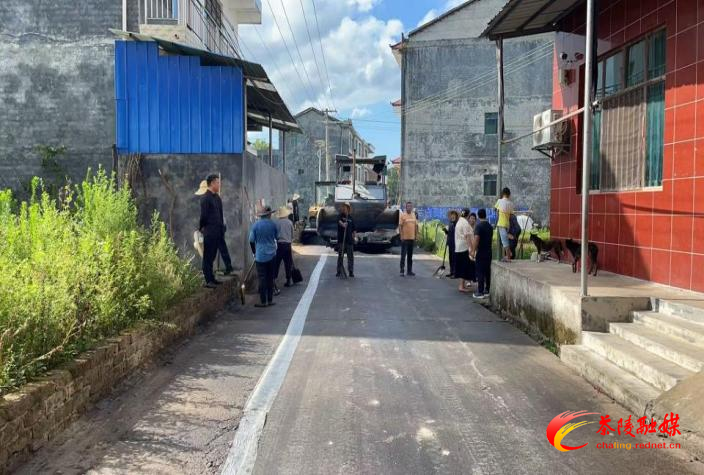 长鸭村产业路焕新颜，铺就乡村振兴幸福路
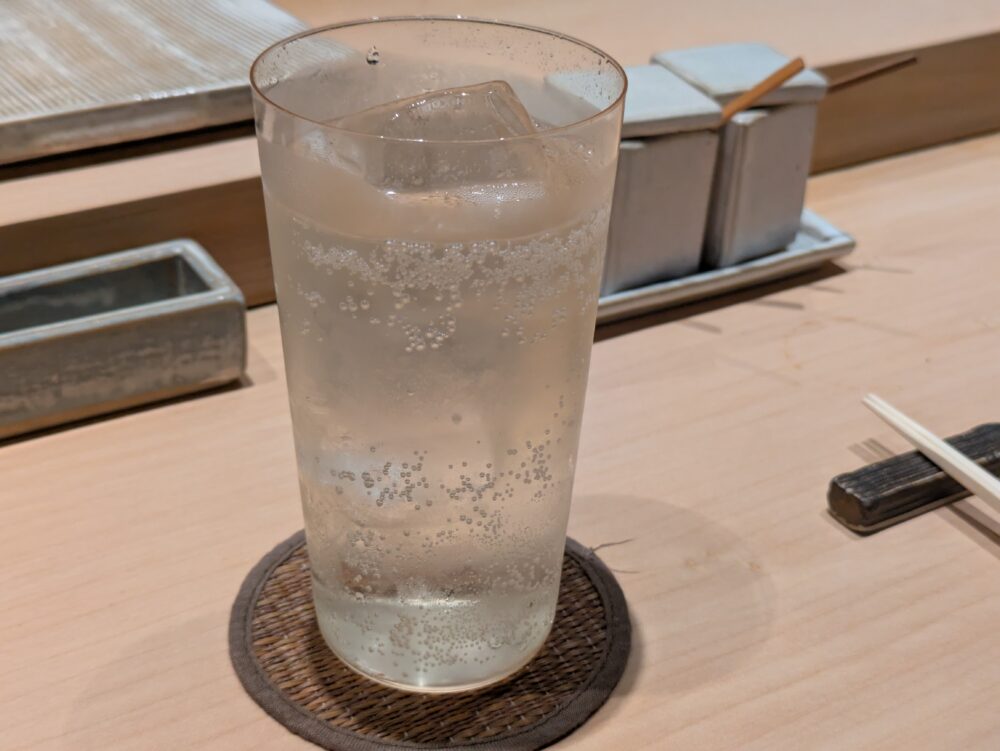 KIWAMIDININGの鳥しきと鳥さきの夢の競演のハイボール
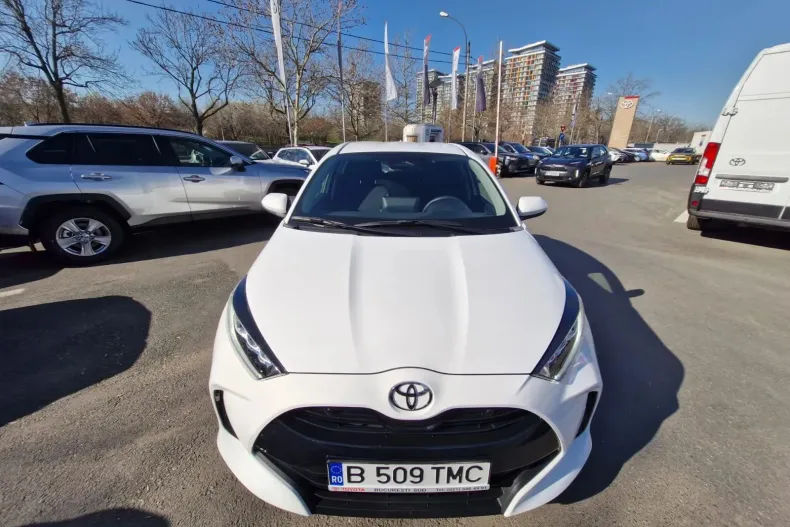 Toyota Yaris din 2024 cu 3.300 km - oferta TOY138275 - foto 1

#### TASK PROMPT:
From the line containing "KIWAMIDININGの鳥しきと鳥さきの夢の競演のハイボール" down to the end of the data above, reproduce each line exactly; no pictures.

#### TASK SOLUTION:
 KIWAMIDININGの鳥しきと鳥さきの夢の競演のハイボール
 Toyota Yaris din 2024 cu 3.300 km - oferta TOY138275 - foto 1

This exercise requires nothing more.